▶ **Task input**:
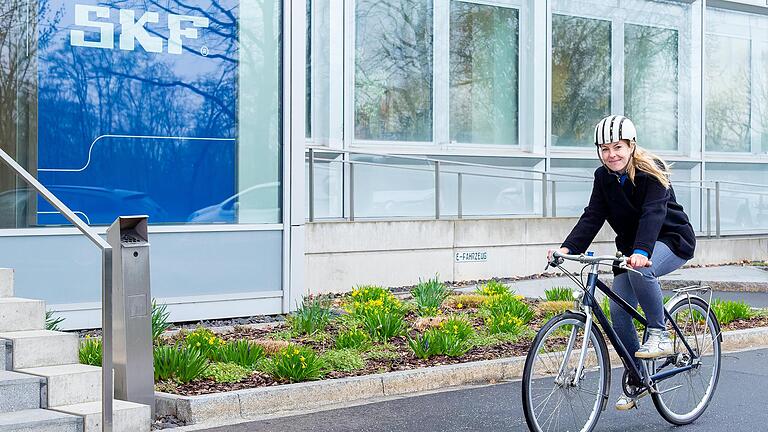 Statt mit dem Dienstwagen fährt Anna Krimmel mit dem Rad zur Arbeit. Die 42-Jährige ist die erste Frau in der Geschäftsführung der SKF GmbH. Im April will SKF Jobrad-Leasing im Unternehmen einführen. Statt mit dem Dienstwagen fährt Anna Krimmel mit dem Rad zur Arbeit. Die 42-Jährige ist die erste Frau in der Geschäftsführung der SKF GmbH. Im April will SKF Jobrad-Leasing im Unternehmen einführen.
* * *
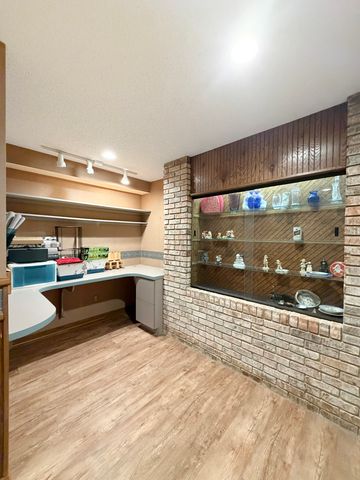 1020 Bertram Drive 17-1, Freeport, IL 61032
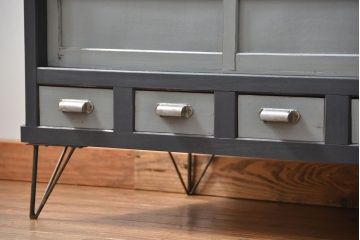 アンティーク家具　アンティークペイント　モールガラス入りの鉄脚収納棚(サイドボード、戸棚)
* * *
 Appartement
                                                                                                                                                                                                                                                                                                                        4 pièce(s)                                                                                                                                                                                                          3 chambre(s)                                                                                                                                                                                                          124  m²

▶ **What this task involves**: With pictures excluded, reproduce exactly the lines above from the one containing "1020 Bertram Drive 17-1, Freeport, IL 61032" down to the one containing "アンティーク家具　アンティー", those two included.

▶ **Solution below**:
 1020 Bertram Drive 17-1, Freeport, IL 61032
 アンティーク家具　アンティークペイント　モールガラス入りの鉄脚収納棚(サイドボード、戸棚)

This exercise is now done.